In the three months that I’ve been back there temping, there have been other frustrations. My workload was suddenly and drastically increased due to the shocking incompetence of another employee. The decision to make me work more was understandable. They weren’t paying me to sit around and blog, afterall. One thing I clearly understand about the economy is that no one wants to pay me money to read what the fuck I think about anything, especially not a company trying to turn a profit in an industry that has nothing to do with crappy sports writing. However, the communication surrounding that episode was somewhat lacking in my view.
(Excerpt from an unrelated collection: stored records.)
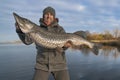 Success pike fishing. Happy fisherman hold huge muskie fish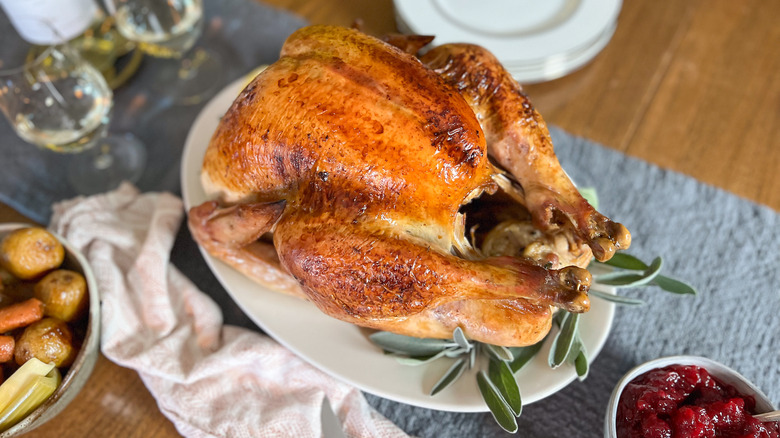 Basic roasted turkey on platter on table with wine
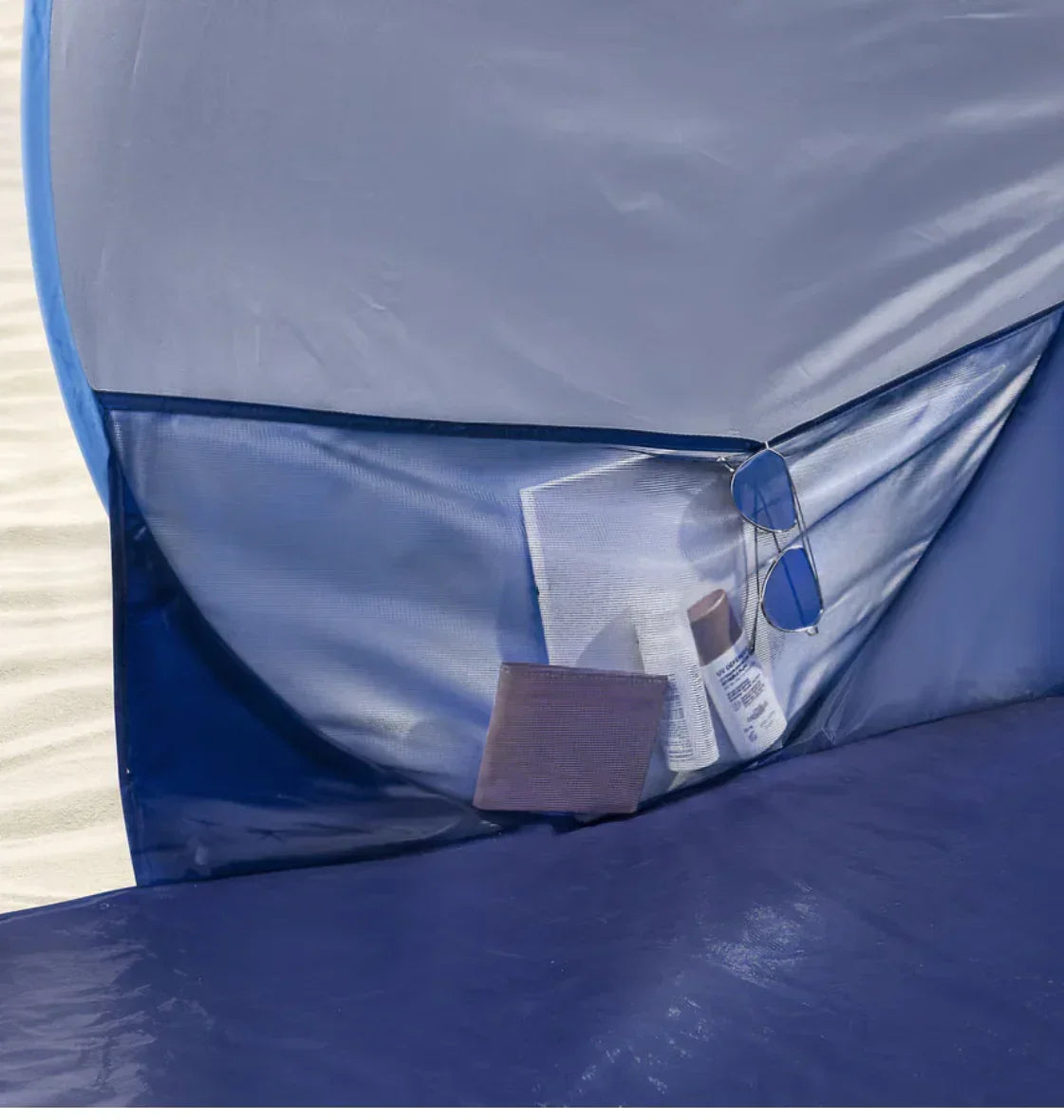 Blue beach tent interior with mesh pocket holding sunglasses, sunscreen, and a book on sand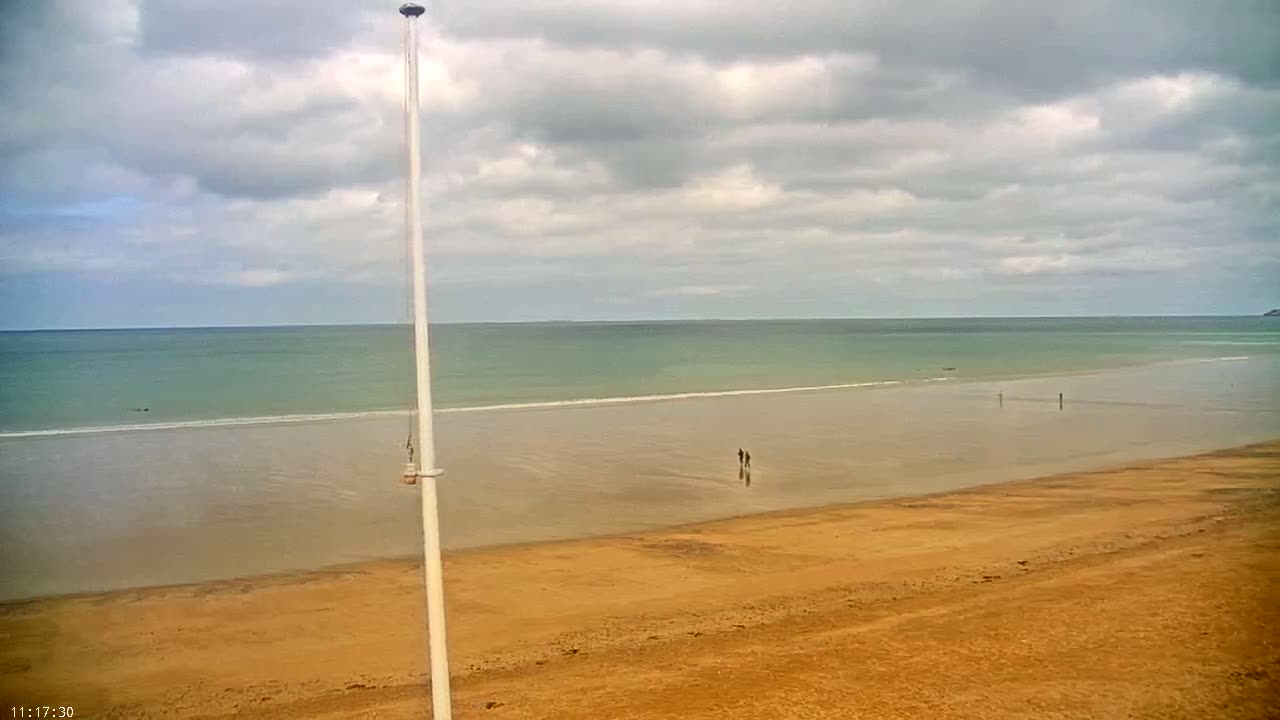 A tan, expansive beach stretches to a calm, teal ocean under a cloudy sky; a tall white pole stands in the foreground.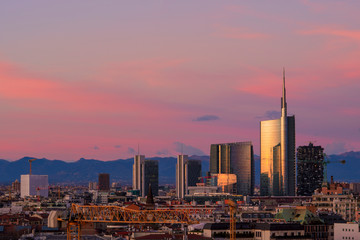 Milan skyline at sunset with modern skyscrapers in Porta Nuova business district in Italy. Panoramic view of Milano city. The mountain range of the Lombardy Alps in the background.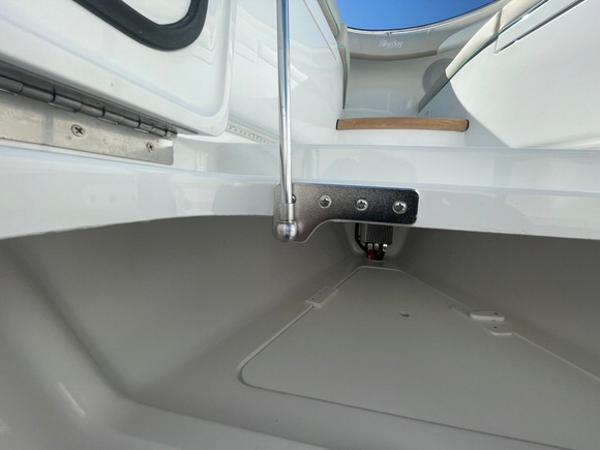 2025 Mag Bay 43 Center Console boat interior detail showing clean, white surfaces and stainless steel hardware.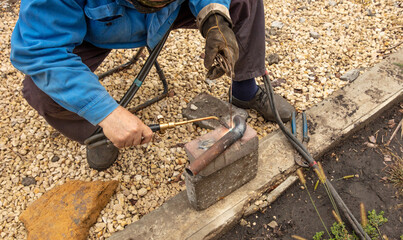 Gas welding of metal at the construction site.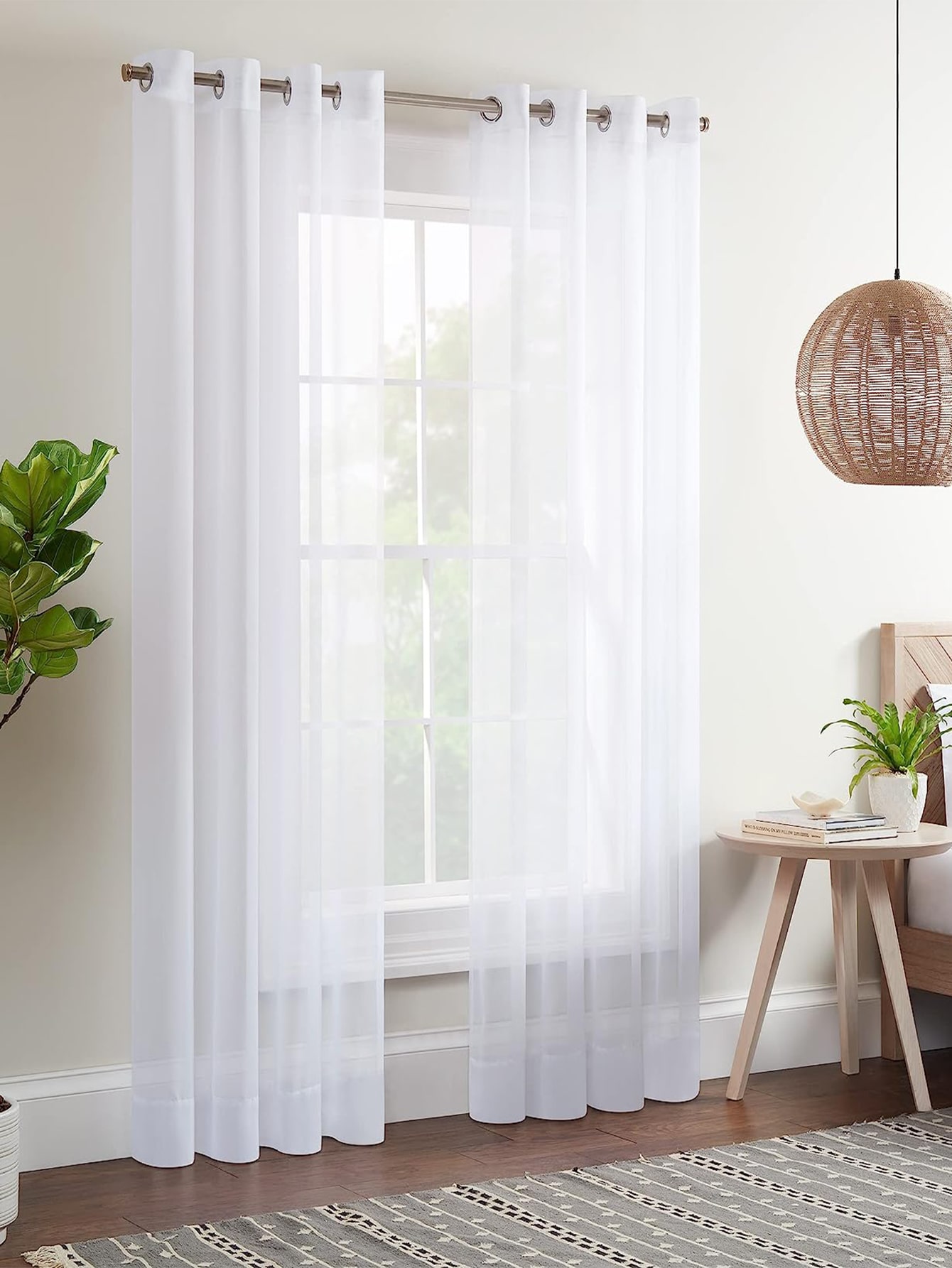 Sheer curtain panel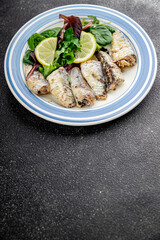 Sardine canned fish dish fresh delicious gourmet food background on table rustic food top view copy...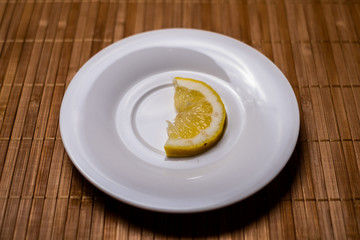 A slice of lemon isolated on a white saucer on a wood table 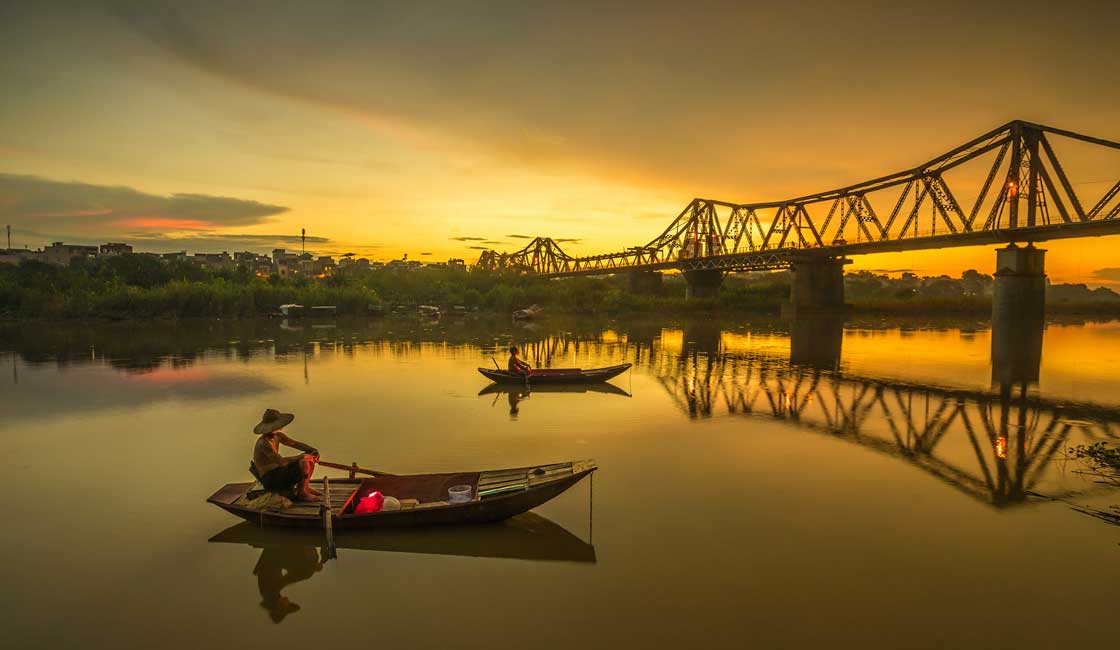 Small fishing boat at sunset near the bridge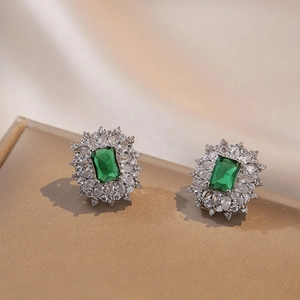 Boucles d'oreilles émeraude élégantes avec halo de diamants sur une boîte à bijoux dorée
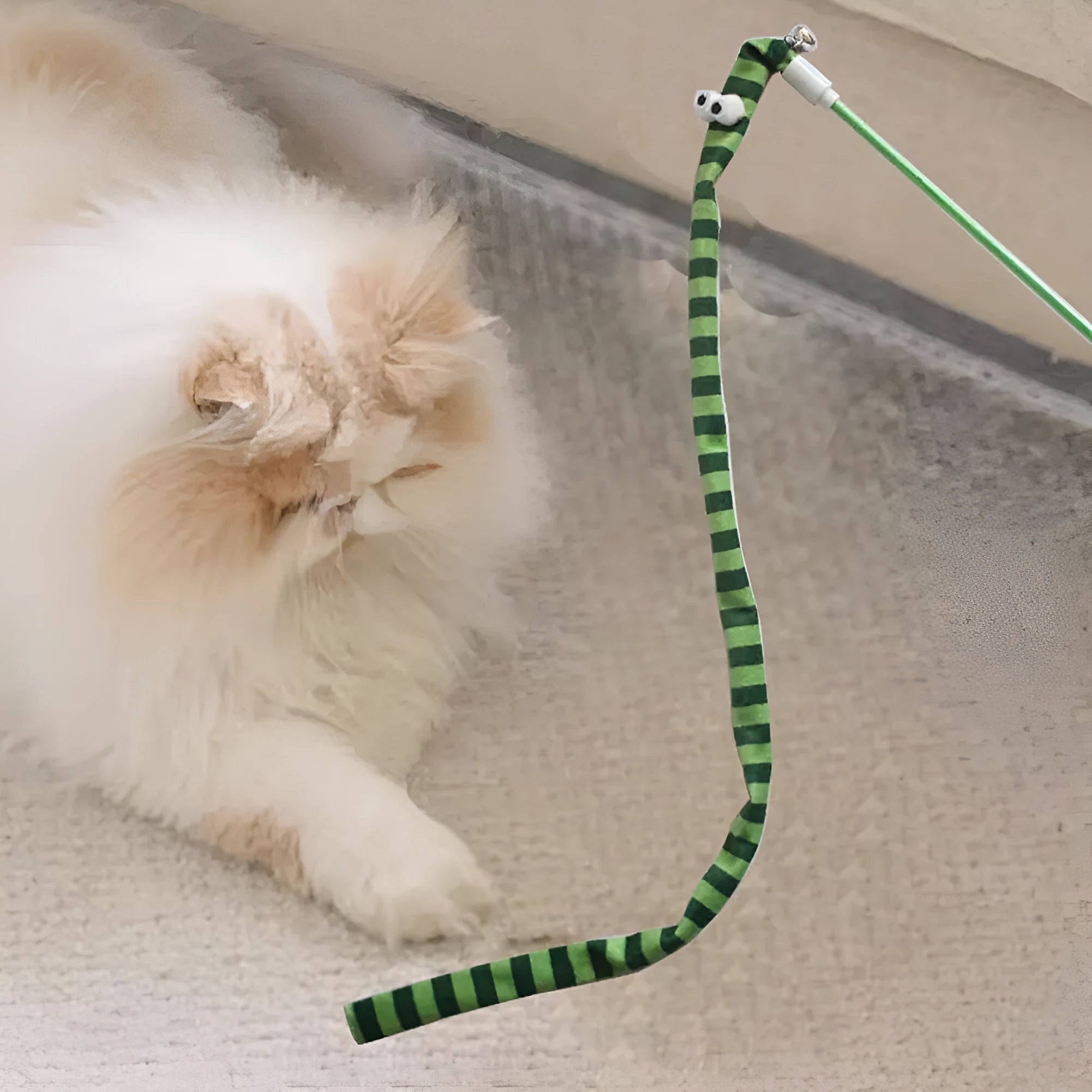 Cat wand toy with polycarbonate handle and long plush strip in vibrant colours, shown with bell attachment.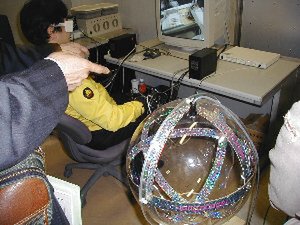 こちらは3次元ゴーグルとマニピュレーター操作用のグローブだけで構成されるミニマムコックピット。手前の球体はグローブの位置を検出するための磁気を放射するもの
But the real kicker came on staff appreciation day. This one took the cake, and I can’t help but laugh at it. The company gave me a $25 gift card to show their appreciation. I was pretty stoked. I immediately spent it on half of a tank of gas. Most companies probably don’t do a staff appreciation day, and the ones that do probably don’t give any additional compensation to their employees. I thought it was a nice gesture, even if they called me Mike instead of Mark. (There’s a meme at this place that I often hear when a decision is made that someone doesn’t necessarily agree with: “Well, his name is on the door.” This infuriates me because yes, I can see the fucking names on the door when I walk in and even if I couldn’t, I do in fact know the name of the company I work for.)
The next day at lunch with some of my co-workers, I mentioned to one of them that they should use that $25-gift card at lunch. He replied, “$25? They gave me $50.” Since he had been there only a week, and I had been there for four years including my prior service, I was a little bit taken back. I wasn’t too surprised when the rest of the staff told me they also got $50.
I mean, you have to laugh. You can’t go complain over 25 measly bucks that the company gave out of the goodness of their own hearts, even if it was a way to spite you. Complaining about that would be unbecoming. In some ways, you have to hand it to whoever I pissed off there. It’s a small company. The powers-that-be knew that I would find out about the slight since we all sneak off to lunch together everyday. And, knowing me so well, they knew it would irk the shit out of me. I think it’s funny, and I laugh about it and make snarky comments about it at least once a day. But clearly, they got me.
One of the company’s policies is, “Don’t suffer in silence.” I’ll be out of there again in a month. After writing this, I probably won’t ever work again. One day, I’ll probably be one of the 47 percenters arguing for a tax increase on the folks that stiffed me on the $25 so that I can leach off the government instead of my family.
I’m suffering from my incompetence and aversion to reality. A 25 dollar slight isn’t the problem. My reaction to that slight is the problem. My decision to write a passive-aggressive blog is the problem.
But I’m a writer, and a coward. I wouldn’t ever be able to go fight in a war or do anything else that required bravery. I wouldn’t be tough enough to turn the other cheek, either.
So, at some point, you have to find a measure of courage in some other way. For me, that’s writing something that could do me some harm, I suppose. At a certain point, you have to start to accept that we’re all going to die, and when we get to heaven or hell, none of our names are going to be on the door.